Still, I would rather see a good PT person, even if it is less convenient.

To clarify, I’ve been working from home since the surgery - my new job was nice enough to get me a cute little laptop so I could easily work from home.. They have been really great! definitely moving to this company was the best decision I’ve made in a long time.

But I don’t want to be in pain anymore. I used to love going for walks and hiking. In fact, a lot of my vacations used to revolve around being outdoors and experiencing things from my feet. i fear that it will no longer be easy to do those things anymore.
I should really work on losing more weight, but I’ve been pitying myself since the surgery.... and food helps me feel better emotionally.

Every morning before I go downstairs I spend 30min or so stretching and doing some of the exercises that PT wants me to do. Then I go for walks 2-3 times a day.
Then at night I do the “squat” exercise before I go to bed. Every day, same thing.
I don’t know when it will get better - i feel like I haven’t progressed in a couple weeks.

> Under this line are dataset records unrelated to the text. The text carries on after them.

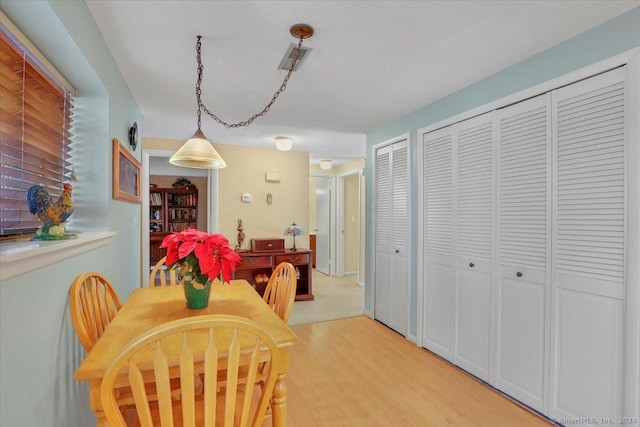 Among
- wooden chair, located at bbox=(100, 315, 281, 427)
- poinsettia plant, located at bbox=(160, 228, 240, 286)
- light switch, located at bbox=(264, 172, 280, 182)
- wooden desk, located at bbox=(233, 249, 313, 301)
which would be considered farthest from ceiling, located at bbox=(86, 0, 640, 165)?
wooden desk, located at bbox=(233, 249, 313, 301)

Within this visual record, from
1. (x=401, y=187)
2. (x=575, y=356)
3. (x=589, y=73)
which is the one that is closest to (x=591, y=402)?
(x=575, y=356)

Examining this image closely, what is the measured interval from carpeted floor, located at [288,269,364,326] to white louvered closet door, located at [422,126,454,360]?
1.29 m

I don’t want to live the older life of my mother. She had her first hip replacement at age 50 (older than I am now). She has had 2 hip replacements, 2 knee replacements, 2 foot surgeries. She hasn’t walked normally since I was in high school (she was about the age I am now), or earlier. She cannot walk stairs without assistance, and hasn’t been able to for… probably at least 10-15 years. Then again, she was never physically active. She never liked being outdoors. She even has difficulty pushing herself to do exercises that PT tells her to do.

Her most recent surgery was her second knee replacement, which was back in April (about 5 weeks before my hip replacement). This weekend she went to NYC, and was excited to tell me that she walked 2.5 blocks. I don’t want that to be me. Granted she is much older than I am, but I don’t want my “norm” to be excited that I have walked 2.5 blocks.

So, I did my first walk at about 10:30am this morning. Around 1-2pm I’ll plan on my second walk. And my third around 6pm. Maybe I’ll try for 0.5 mile on my second walk, and see how it goes… and have ice ready and waiting for when I get home.
This is all I can think of to do right now.